‘We gaan dood, dat is zeker. Maar wanneer het hier op aarde ophoudt, wat dan? Begint alles weer opnieuw of is het een definitief einde?’
Zo kondigde het Amsterdamse theater Frascati een bijzondere voorstelling aan. In Hiernamaals, een project van Doris Vervuurt en Lieke van der Vegt, wisselden acht mensen met elkaar ideeën uit over een mogelijk vervolg op het aardse leven. Het waren geen acteurs of filosofen, maar ‘gewone mensen’ die bereid waren hun gedachten voor een publiek te delen. Onze vriend T. was een van hen.

De voorstelling begon in het donker. Een tijd lang, voor mijn gevoel zeker vijf minuten, zagen we niets. We waren omringd door heftige, indringende geluiden. Zou je zoiets ervaren als je sterft? We zaten op eenvoudige bankjes in een kring rond een podium met twee stoelen, van elkaar gescheiden door een gordijn. Om de beurt betraden twee deelnemers het podium en ging het gordijn open.
Zo was er Annie, een 85-jarige Amsterdamse. Aan de wijze waarop zij het woord hiernamaals uitsprak, met de klemtoon op hier-, kon je al vermoeden dat zij niet met een hemel was opgegroeid. Haar ouders waren communisten. Dood is dood, zo leerde Annie. Vandaar wellicht dat haar vader erg moest huilen, toen Stalin overleden was. Houriya, een moslima, zag het hiernamaals als een mooi paradijs, net zo prachtig als De Keukenhof. Petri, een vrouw van zestig, droomde van een liefdevol hemel, waarin zij geaccepteerd wordt.
Hoe onderbouw je de gedachte dat er na dit leven nog meer volgt? Enkele deelnemers waren ooit tijdens een verkeersongeluk maar net aan de dood ontsnapt. Dat was voor hen het bewijs van het bestaan van een hogere macht en, in het verlengde daarvan, voor het bestaan van een hemel. Waarmee zij een cynische tekst van Freek de Jonge uit 1977 bevestigden: ‘Rij dus rustig door oranje en geef extra gas bij rood. Er is leven, er is leven na de dood.’

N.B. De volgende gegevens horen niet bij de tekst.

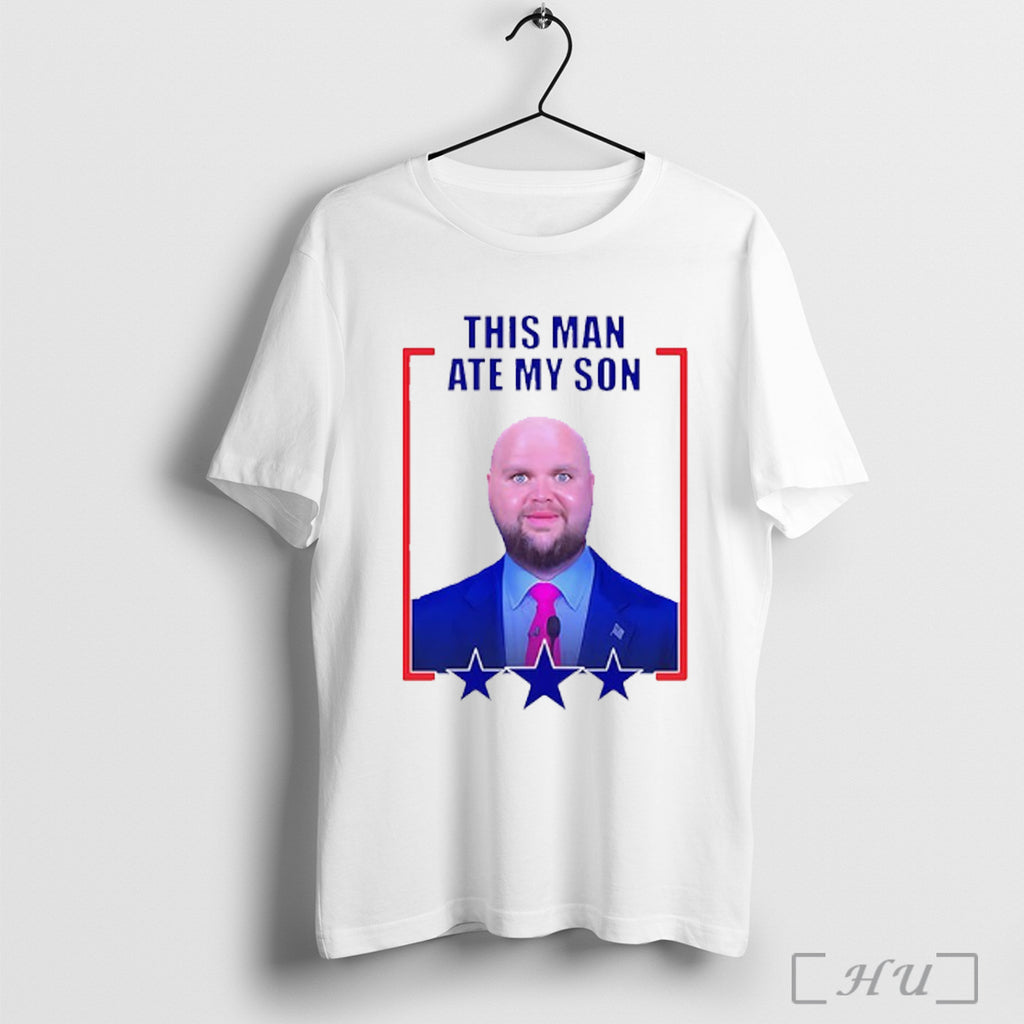 Officials Jd Vance This Man Ate My Son Meme T Shirt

In de christelijke traditie kan je door hard te werken en voorbeeldig te leven een plaats in de hemel verdienen. Het leven is lijden, het genieten is voor later. Pas halverwege de vorige eeuw werd aan de katholieke catechismus toegevoegd dat je ook in het aardse leven geluk mocht nastreven. Die notie wordt nu breed gedeeld, getuige een juist vandaag in Trouw gepubliceerd onderzoek: ‘Zingeving en geluk moeten in het hiernumaals bereikt worden.’ Deze opvatting sluit overigens een leven na de dood niet uit.
De vormgeving van de voorstelling vond ik aardig. Maar je kunt je afvragen of het hiernamaals zo’n gelukkig onderwerp is voor een goed gesprek. Uiteindelijk zijn er maar twee smaken: je geloof erin of je gelooft er niet in. Ik miste in de voorstelling de vraag wat je opvatting voor je huidige leven betekent. Als je uitgaat van een definitief einde, leg je dan jezelf meer druk op? Misschien zijn mensen die in een hiernamaals geloven wel gelukkiger, zei Annie. Daar moest ik nog wel even over denken.